> Collected data
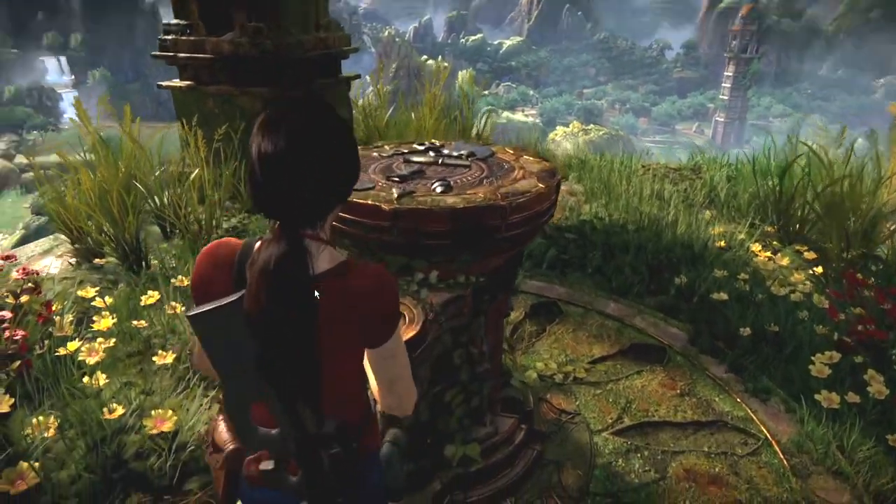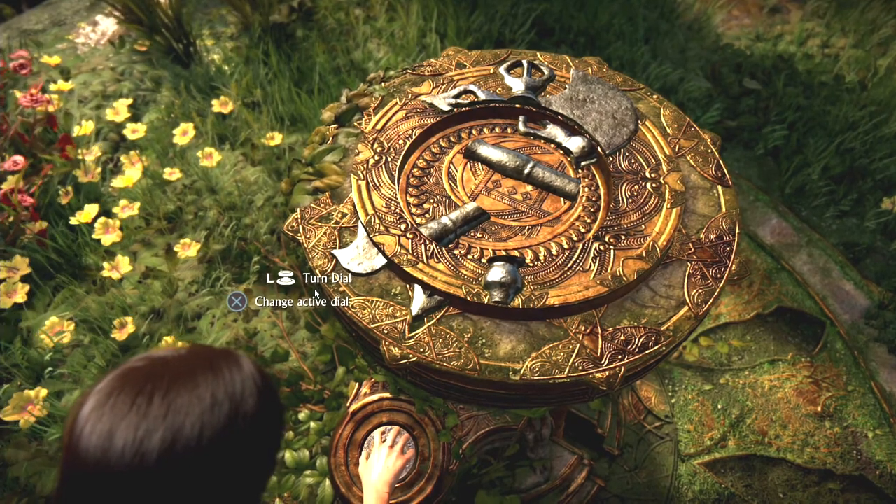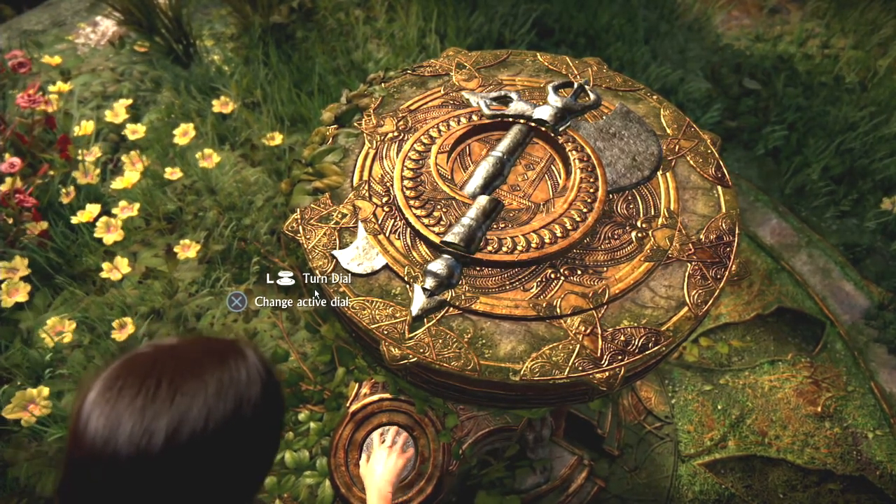To solve the jigsaw puzzle at the cliff in Hoysala Four, The Western Ghats in Uncharted: The Lost Legacy, go to the middle ring and align it with the outer ring.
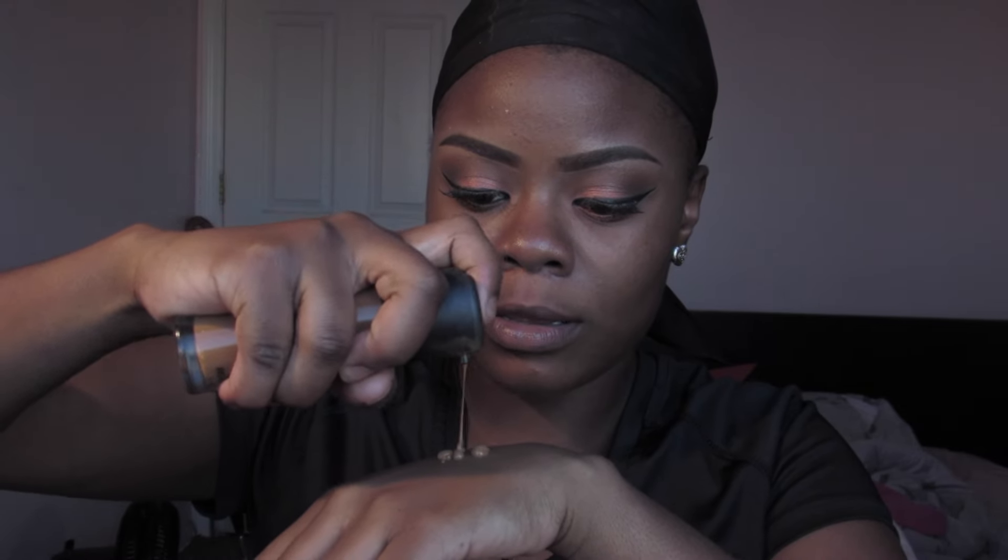The next step — you either want to use foundation or skip straight to the highlight and contouring part. I'm going to use foundation because my skin tone is uneven. I'm using MAC Match Master Foundation in the color 7.5. I'm going to take some drops, put it on the back of my hand, and apply it all over.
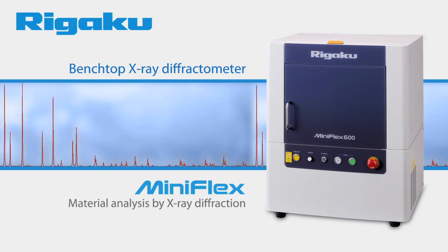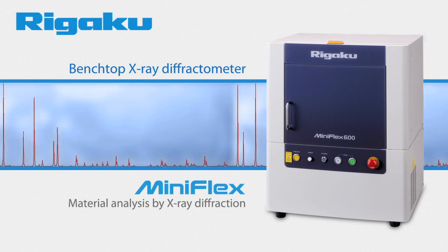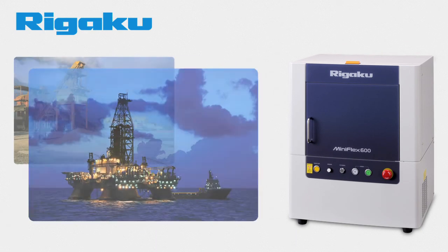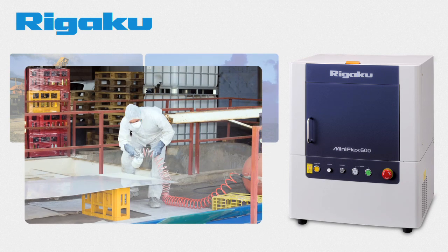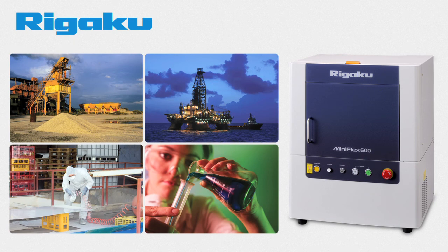X-ray diffraction, XRD, is a powerful and well-established technique for analyzing materials. It is used in industries as diverse as cement, catalysis, petroleum, batteries, and pharmaceuticals where companies rely on XRD to characterize materials from basic research to quality control.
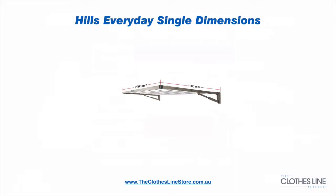The clothesline is 2.2 metres wide, which is left to right, and 1.2 metres deep, which is from the wall to you. The width can be adjusted and requires special skills and tools, and more information can be found on this at theclotheslinestore.com.au.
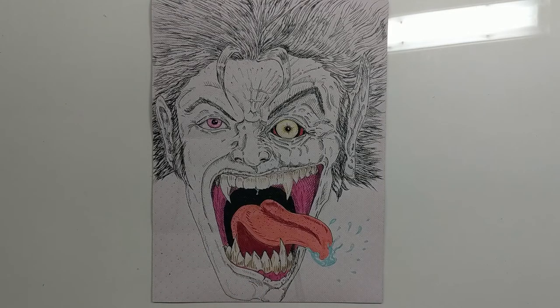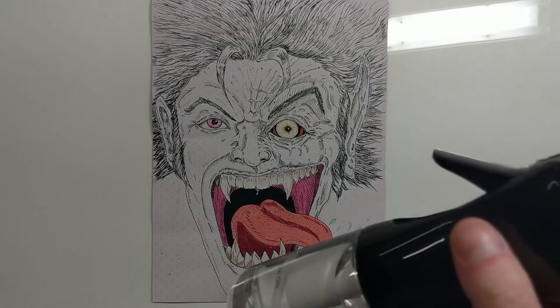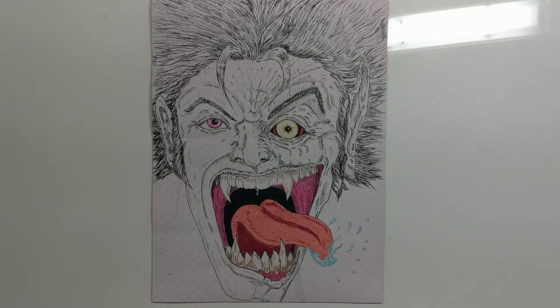Now with a spray bottle I'm going to see how that's going to turn out — with a little bit of maybe a blood stain effect. This is a misting bottle, so I'm going to step totally back.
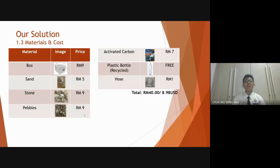A recycled plastic bottle and lastly the pipe, which is used to let water travel. All of which only cost 8 US dollars and 98 cents.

> Assignment
All lines from the one holding "The clothesline is" through the last line of the records need to be copied exactly, both ends included, and the pictures left behind.

> Written answer
The clothesline is 2.2 metres wide, which is left to right, and 1.2 metres deep, which is from the wall to you. The width can be adjusted and requires special skills and tools, and more information can be found on this at theclotheslinestore.com.au.
Now with a spray bottle I'm going to see how that's going to turn out — with a little bit of maybe a blood stain effect. This is a misting bottle, so I'm going to step totally back.
A recycled plastic bottle and lastly the pipe, which is used to let water travel. All of which only cost 8 US dollars and 98 cents.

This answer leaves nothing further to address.